FIG. 9 shows one exemplary first method of creating an object containing a radio frequency transponder and an antenna pattern. In step 901, spheres of a solid material such as TEFLON are cut in half to form hemispheres. The spheres may be machined and cut from a rod. In step 902, each sphere is machined to create grooves for holding antenna elements, such as the helical shaped elements illustrated in FIG. 5. In step 903, the grooves are filled with a foil, wire, or liquid metallic material to form the antennas.
In one variation, instead of machining grooves as in step 902 and filling the grooves with antenna elements as in step 903, a metal-based antenna element may be applied through printing methods or adhered to a surface of the hemispheres as illustrated in FIG. 6.
In step 904, a resonator such as illustrated in FIGS. 7 and 8 is applied, such as through printing or stamping methods, to one of the hemispheres with contact points for the antenna elements and the RFID chip. In step 905, a radio frequency transponder such as an RFID chip is coupled to the resonator and the antenna elements, such as by bonding, glue, stapling or the like.
In step 906, the hemispheres are adhered back to together, and in step 907, the resulting sphere is optionally coated with a protective material such as a resin to prevent heat damage.
FIG. 10 shows another method of creating an object containing a radio frequency transponder and an antenna pattern according to certain variations of the invention. In step 1001, antennas such as two helical antenna parts of the sort shown in FIG. 5 are formed, coupled to a transponder, and inserted into a mold, such as a spherical or cubic mold. In step 1002, a resin or other material is injected into the mold, and in step 1003 the material is allowed to set.

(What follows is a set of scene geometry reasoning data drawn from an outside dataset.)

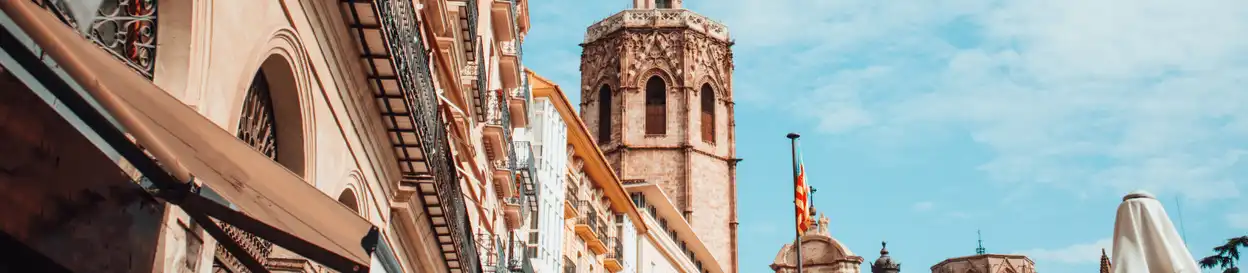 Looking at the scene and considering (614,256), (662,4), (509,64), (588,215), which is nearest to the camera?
(509,64)

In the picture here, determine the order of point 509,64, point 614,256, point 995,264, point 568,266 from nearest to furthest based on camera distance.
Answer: point 509,64 → point 568,266 → point 614,256 → point 995,264

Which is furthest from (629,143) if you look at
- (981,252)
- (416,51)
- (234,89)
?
(234,89)

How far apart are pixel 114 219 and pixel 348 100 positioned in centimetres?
578

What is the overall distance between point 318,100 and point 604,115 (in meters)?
66.6

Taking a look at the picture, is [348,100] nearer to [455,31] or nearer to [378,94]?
[378,94]

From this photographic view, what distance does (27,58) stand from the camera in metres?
5.37

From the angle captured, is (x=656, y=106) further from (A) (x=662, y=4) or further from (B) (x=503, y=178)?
(B) (x=503, y=178)

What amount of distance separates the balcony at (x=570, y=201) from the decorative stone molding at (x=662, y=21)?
3726cm

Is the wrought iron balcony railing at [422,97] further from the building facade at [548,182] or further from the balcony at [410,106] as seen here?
the building facade at [548,182]

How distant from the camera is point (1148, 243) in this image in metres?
12.9

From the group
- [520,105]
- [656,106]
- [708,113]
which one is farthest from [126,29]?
[708,113]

After the material has set, the object is removed from the mold in step 1004. The object may comprise a sphere, cube, or any other shape.
The radio frequency transponders that may be used in different variations of the invention may include various frequencies, such as a low frequency, high frequency or ultra high frequency transmitting signal. Corresponding antennas for the readers can be configured according to the frequency and distance expected from the transponders to the reader antenna. The IC chips can generally handle any tuning that is required on the transponders.
Many variations of the inventive principles. The method steps described herein can be implemented in computer software and encoded on computer-readable media for execution by a computer processor or specialized circuit, and the invention includes such computer-readable media. The use of terms such as “spherical” and “cubic” should be understood to include deviations from such exact shapes. The term “generally solid” includes solids and semi-solids, such as a sphere with a partially hollow core. Method steps should not be considered to be required to be performed in the order in which they are presented unless otherwise indicated.